I arrange for my students in my poetry classes to buy their books used from students in my previous poetry classes, and I allow ANY edition of the books, so they can score very, very cheap ones on Amazon. They can get an out-of-date edition of a $70 book for under $10. There will be some discrepancies in the poems the book includes, and the page numbers for the poems that are in the book may be different. But they can use the index when the poems are on different pages, and I provide links to online versions of poems that can't be found in their books.

And since any student who wants to unload the poetry book can sell it the next semester to one of my new students, everyone gets out of the deal relatively unscathed.

I also encourage them to form book-buying co-ops in class--sharing a book rather than purchasing separate ones. If people live in the same dorm, especially on the same floor, they can buy a book together and share it. They end up doing this in other classes, too, after I show them how well it works.

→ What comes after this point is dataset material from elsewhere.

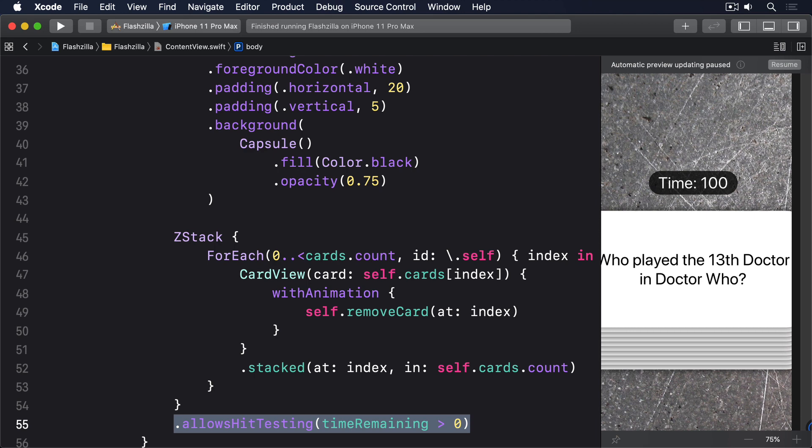What we want to happen is for the timer to stop so users can see how fast they were and also to show a button allowing them to reset their cards and try again.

When buying Starbucks coffee at $4 or $5 a cup adds up to $1000 or more a year, then, yes, brewing coffee at home and carrying it in a thermal mug is worthwhile. I honestly don't believe that people who buy Starbucks are getting $1000 worth of pleasure fromt heir habit--they just aren't realizing how they are nickel and diming themselves to death. Home-brewed coffee isn't so terrible that it's worth $1000 a year to go to Starbucks for it. It's a matter of priorities--and sometimes a matter of postponing gratification for a bit.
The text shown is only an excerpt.